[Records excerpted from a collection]

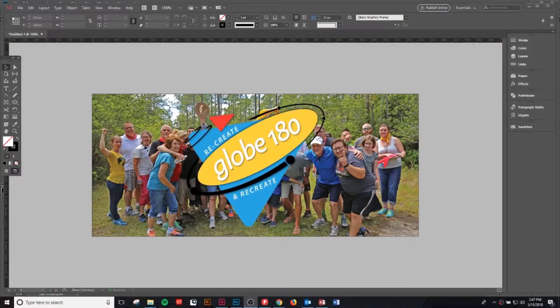Alright, we're now going to take this logo and what we want to do is make it, as they say, pop off the background more. Right now, if this was sent in an email header with the image, everything kind of gets lost. You lose the focal point.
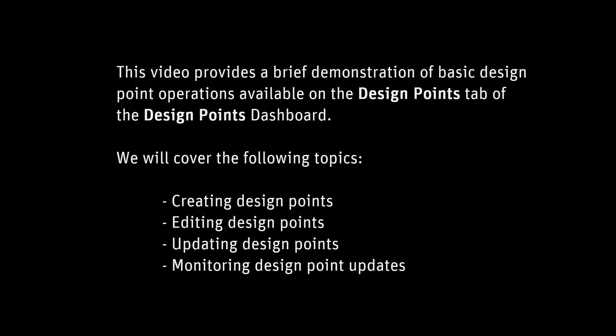This video provides a brief demonstration of basic design point operations available on the Design Points tab of the Design Points Dashboard.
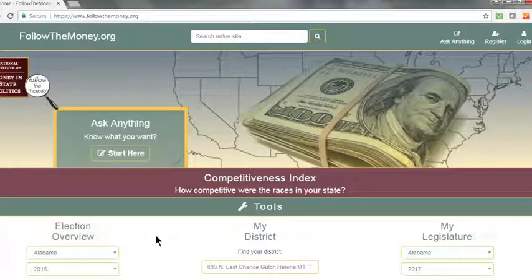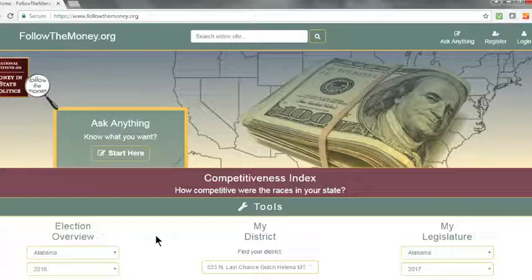Using the Institute's Ask Anything search function, you can really ask anything. For example, in this case, we're going to look for independent spending targeting state senate candidates all across the country.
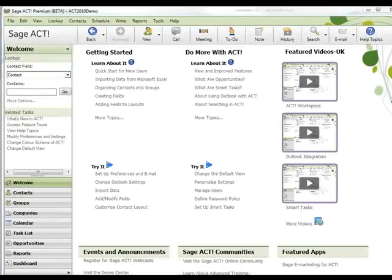ACK 2011 features a number of significant enhancements such as smart tasks and Outlook integration, and also a link with Hoovers, which is the online arm of Dun & Bradstreet, bringing financial information about contacts, companies, and potential contacts directly into your ACK database.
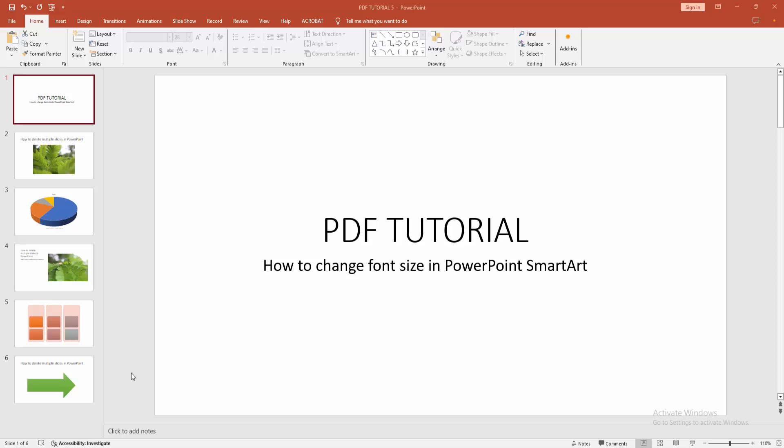Assalamualaikum, hello friends, how are you? Welcome back to another video. In this video, I am going to show you how to change font size in Microsoft PowerPoint SmartArt. Let's get started.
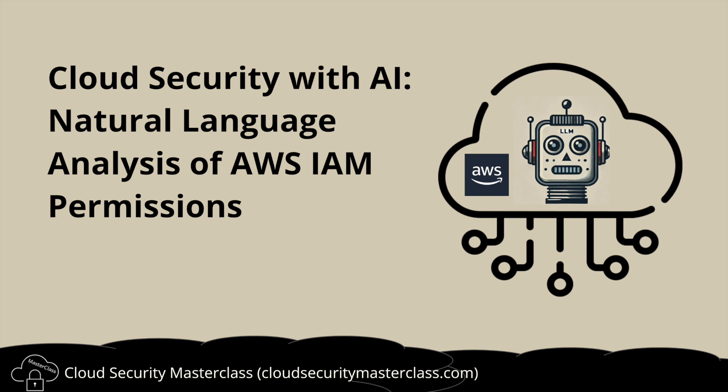Hi all. In this video, we are going to analyze AWS IAM permissions using natural language and AI. Instead of manually searching through AWS IAM policies, we'll see how we can simply ask questions in plain English and get instant answers powered by LLM. Let's dive in.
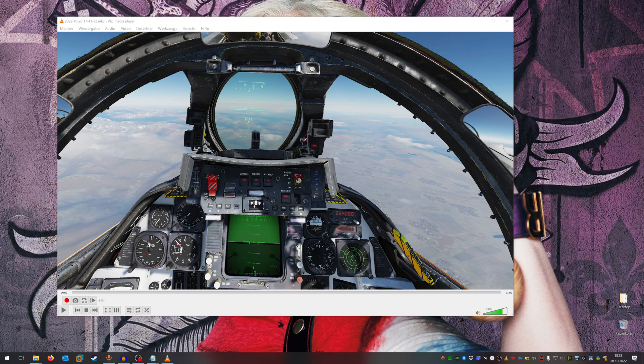If you have already compared recording normal flat DCS content with DCS VR content, you have seen that it can be a bit problematic to record VR content properly, because you have black bars left and right and the aspect ratio of the video is not 16 to 9 but something else. I want to show you how you can get higher resolution content to upload to YouTube, and it should look like this.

• _WHAT YOU HAVE TO DO_:
All that is wanted is the lines above between the one containing "This video provides" and the one containing "Using the Institute's", inclusive, restated word for word, with pictures omitted.

• _TASK OUTPUT_:
This video provides a brief demonstration of basic design point operations available on the Design Points tab of the Design Points Dashboard.
Using the Institute's Ask Anything search function, you can really ask anything. For example, in this case, we're going to look for independent spending targeting state senate candidates all across the country.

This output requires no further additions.